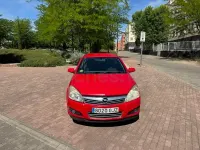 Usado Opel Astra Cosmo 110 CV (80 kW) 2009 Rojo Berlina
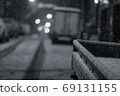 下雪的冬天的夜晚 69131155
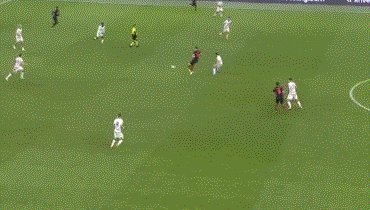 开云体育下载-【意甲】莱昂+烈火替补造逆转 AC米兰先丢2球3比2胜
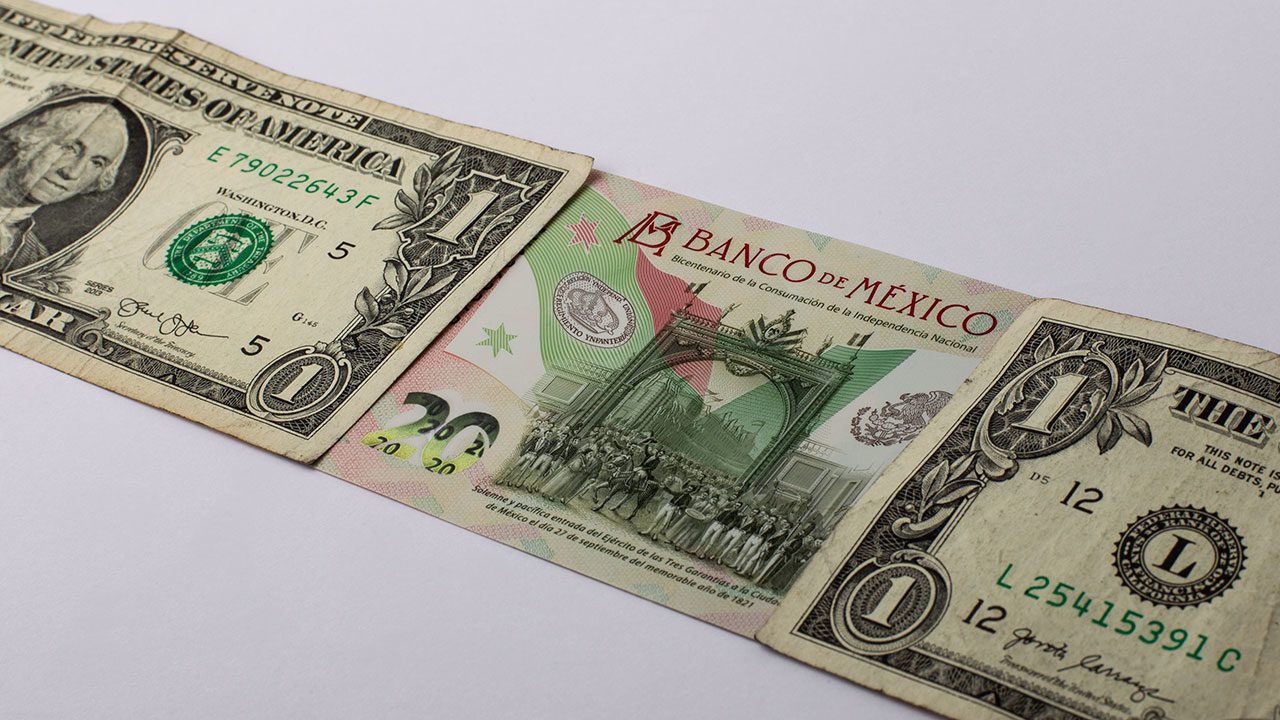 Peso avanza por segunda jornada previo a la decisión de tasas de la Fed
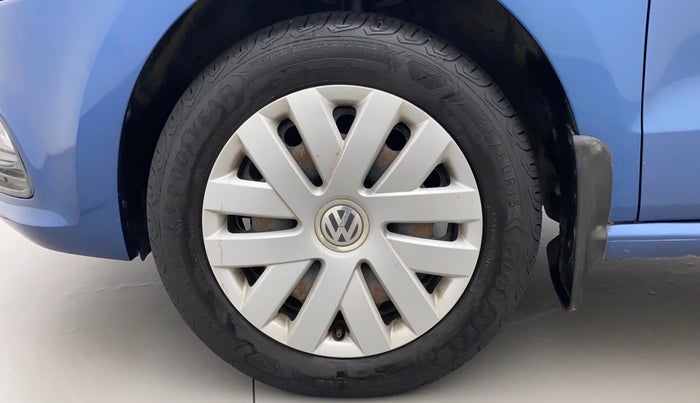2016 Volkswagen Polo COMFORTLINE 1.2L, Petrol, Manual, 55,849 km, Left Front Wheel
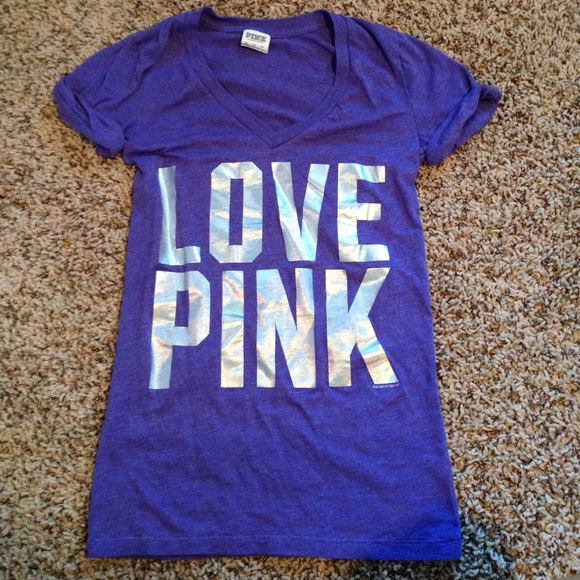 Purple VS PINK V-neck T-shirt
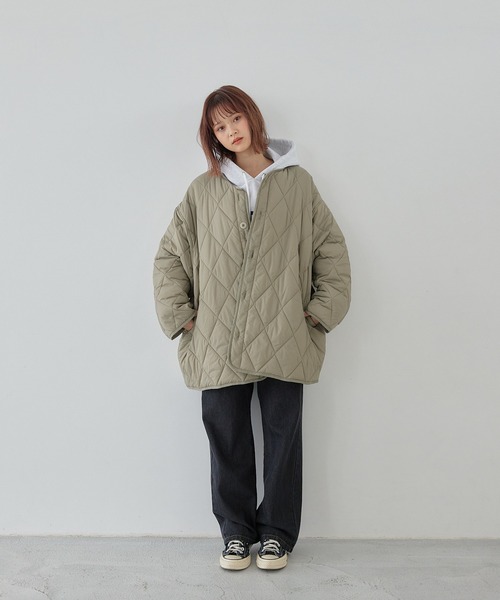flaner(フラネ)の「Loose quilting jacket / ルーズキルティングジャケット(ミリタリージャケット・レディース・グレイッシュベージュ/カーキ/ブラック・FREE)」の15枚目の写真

★ ★ ★ ★

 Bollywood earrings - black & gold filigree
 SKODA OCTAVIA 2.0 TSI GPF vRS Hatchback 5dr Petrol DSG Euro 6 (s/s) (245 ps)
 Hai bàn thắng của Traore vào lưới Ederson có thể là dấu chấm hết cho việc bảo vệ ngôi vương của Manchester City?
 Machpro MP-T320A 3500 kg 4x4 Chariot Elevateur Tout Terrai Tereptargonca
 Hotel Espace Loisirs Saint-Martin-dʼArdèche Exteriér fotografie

★ ★ ★ ★

▶ What to do
Everything above from the line containing "Bollywood earrings - black & gold filigree" down to the line containing "Hotel Espace Loisirs" should be copied exactly, both end lines included, and nothing else.

▶ Answer box
 Bollywood earrings - black & gold filigree
 SKODA OCTAVIA 2.0 TSI GPF vRS Hatchback 5dr Petrol DSG Euro 6 (s/s) (245 ps)
 Hai bàn thắng của Traore vào lưới Ederson có thể là dấu chấm hết cho việc bảo vệ ngôi vương của Manchester City?
 Machpro MP-T320A 3500 kg 4x4 Chariot Elevateur Tout Terrai Tereptargonca
 Hotel Espace Loisirs Saint-Martin-dʼArdèche Exteriér fotografie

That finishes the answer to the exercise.